What do you think of this ensemble? I just found out about them, has anybody heard them perform?

http://www.gemueseorchester.org/






-lfcatface


----------



## D Minor (Dec 8, 2007)

Can we 'ave some loop and tommy with that?


----------



## D Minor (Dec 8, 2007)

TC needed three things to become a great forum :

Slang, vegetables, and… Me ! 

Hi, everybody!


----------



## Kurkikohtaus (Oct 22, 2006)

Not bad, very original, good arrangements.

Would be _much_ more intereseting if their clothes were made entirely from vegetables too.


----------



## 4/4player (Nov 17, 2006)

* LOL*

That seems very unique, playing with vegetables...now people won't be able to throw any tomatoes or vegetables if the ensemble "fails" to entertain the audience,lol( Forgive me if I offend anyone, vegetable or professional musician)

Keeping Beat,
4/4player

P.S. Mr.

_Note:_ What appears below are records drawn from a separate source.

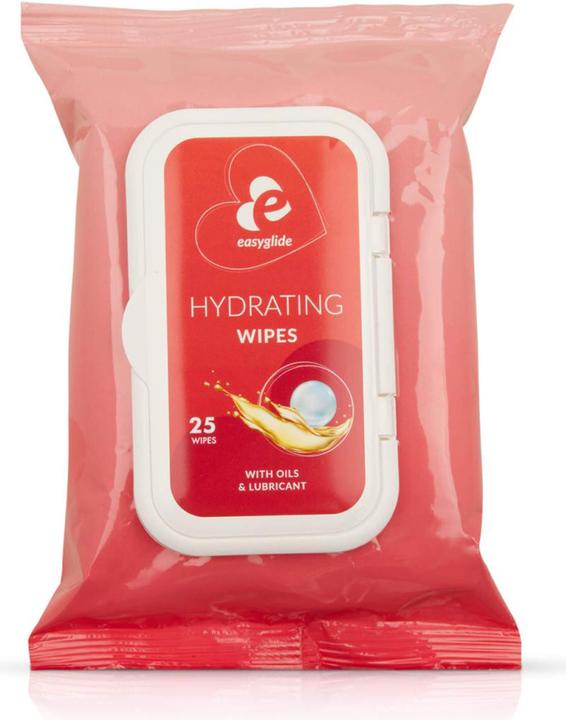 EasyGlide Feuchtigkeitstücher mit Gleitmittel und Ölen (Intimtücher)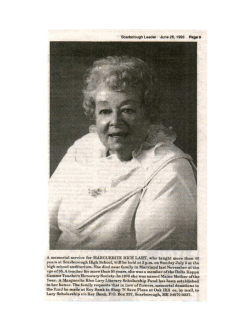 Marguerite Lary, Teacher and Scarborough Legend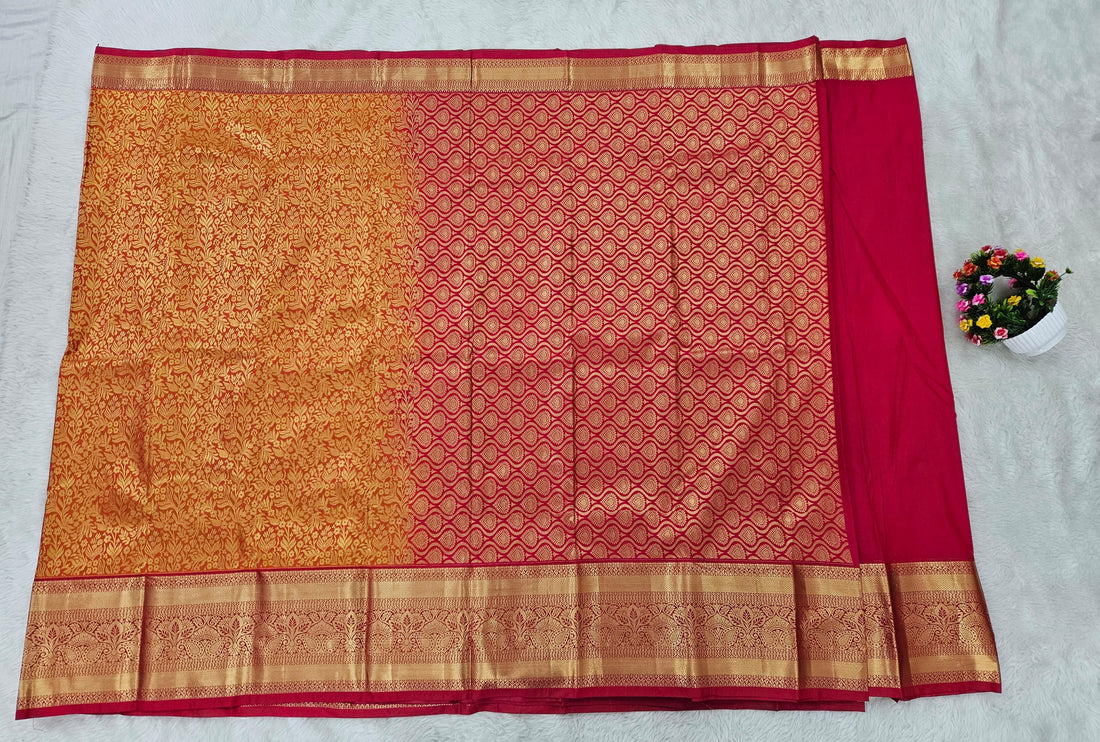 Semi kanchi pattu resham saree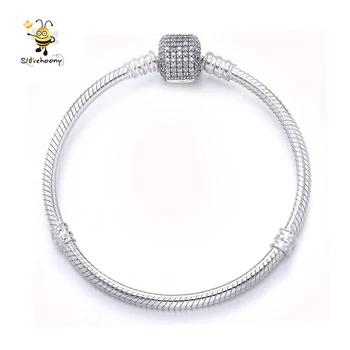 Jewelry Making Supplies Sterling Silver Bracelet W Clasp Signature Cz Paved Clic 1 Design Product On Alibaba Jewelry Making Supplies Sterling Silver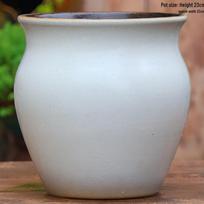 Ypač didelis europietiškas baltas keramikinis sultinio gėlių vazonas kiemo landšaftui Large - Ceramic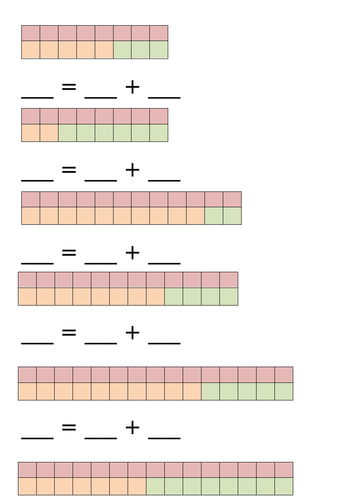 Bar model - bonds to 10 / bars to calculate to 20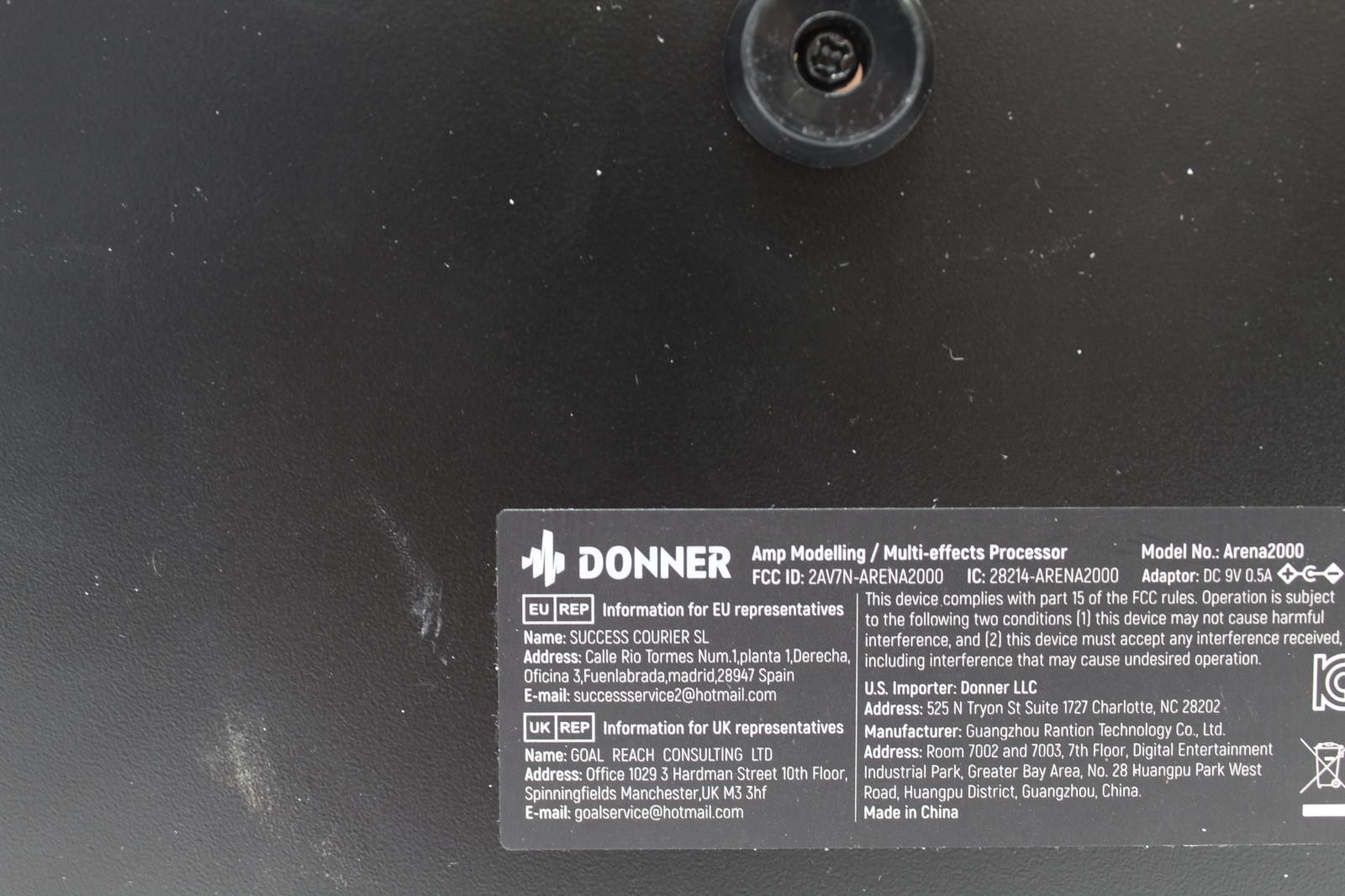 Donner Arena 2000 Guitar Multi-Effects Pedal with 278 Effects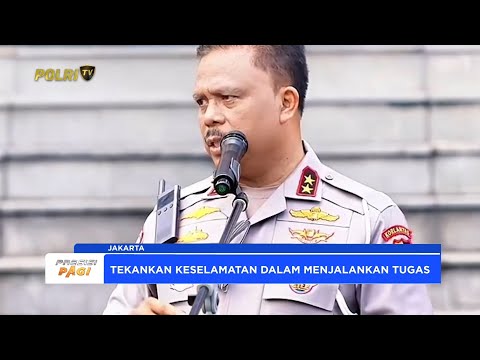 KAKORLANTAS POLRI PIMPIN APEL KONSOLIDASI PATWAL KHUSUS, TEKANKAN KESELAMATAN SAAT JALANKAN TUGAS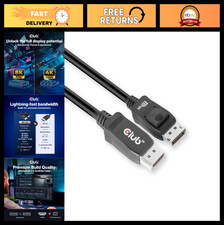 DisplayPort 1.4 Cable 8K 60Hz VESA Certified 2m (6.56ft) Male to Male DP Cable picture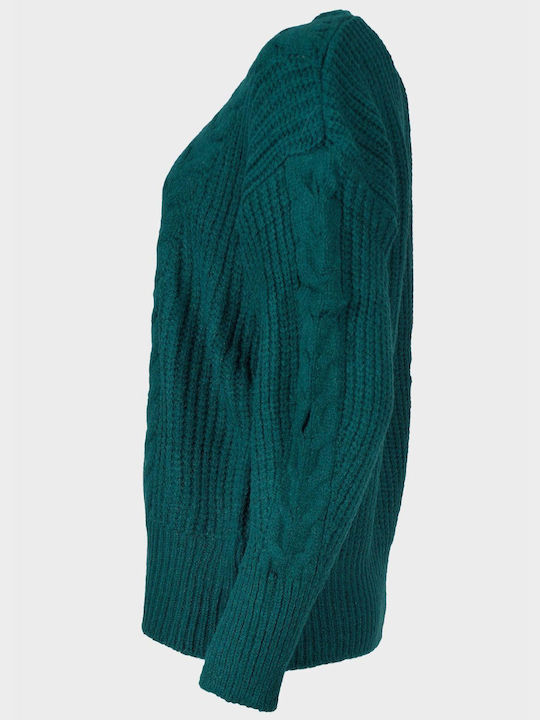 G Secret Women's Long Sleeve Sweater Green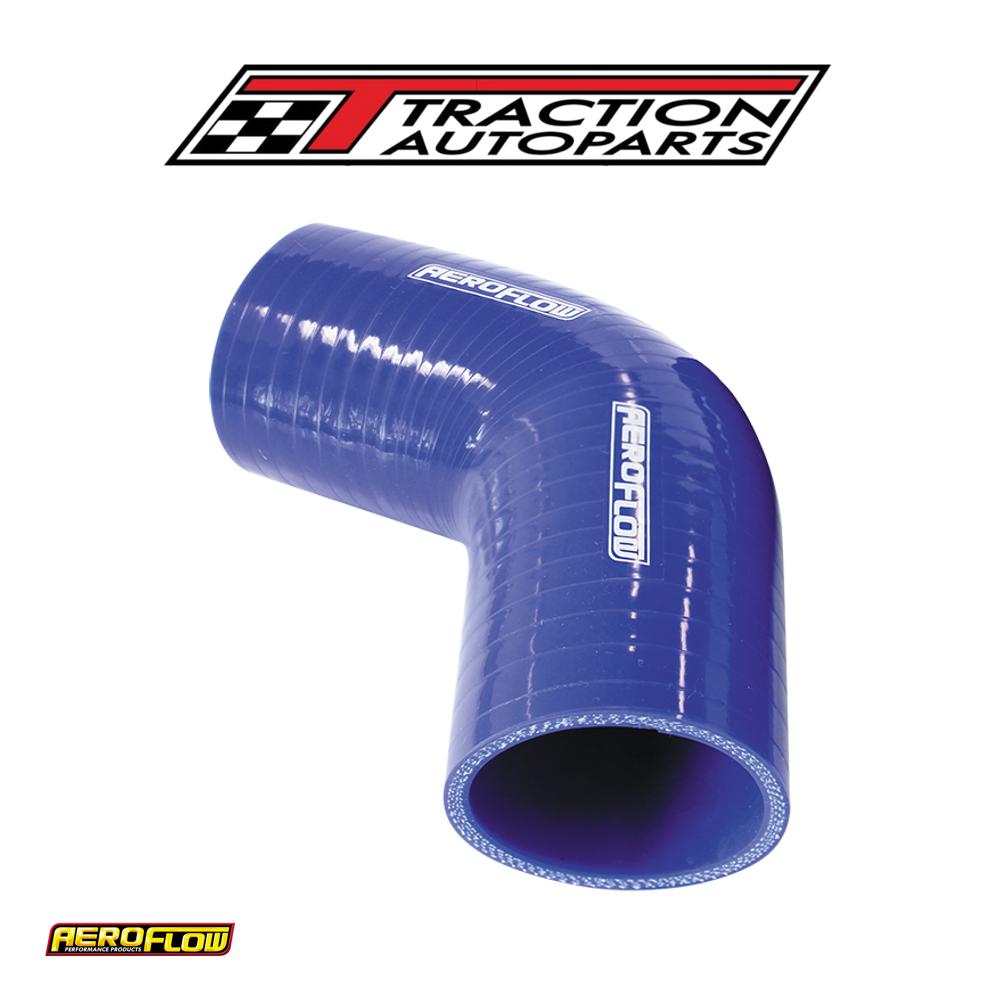 Silicone Hose 67 Deg; Blue I.d 2.25" 57 mm, Wall 5.3 mm, 125 mm Leg Af 9008-225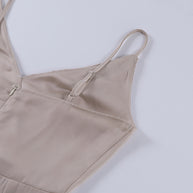 WW | Kleid, geschlitzt, ärmellos, formelles Kleid, Maxikleid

Sibelius( Kurki, may I call you that? ), I don't think it's a good idea for the musicians to have vegetable concert attire as I would find them to be a *huge* distraction to the audience...


----------



## BuddhaBandit (Dec 31, 2007)

This is an interesting idea. However, it's clearly meant not as a vehicle to produce music but more as a vehicle for expanding music's boundaries. Weirdly, as it attempts to expand the idea of an ensemble, it is radically traditionalist: the most primitive music was made with "found" objects like vegetables.

I particularly like the "carrot flute" and "pumpkin bass"; perhaps the bass was an early ancestor of the the washtub bass used in jug bands?


----------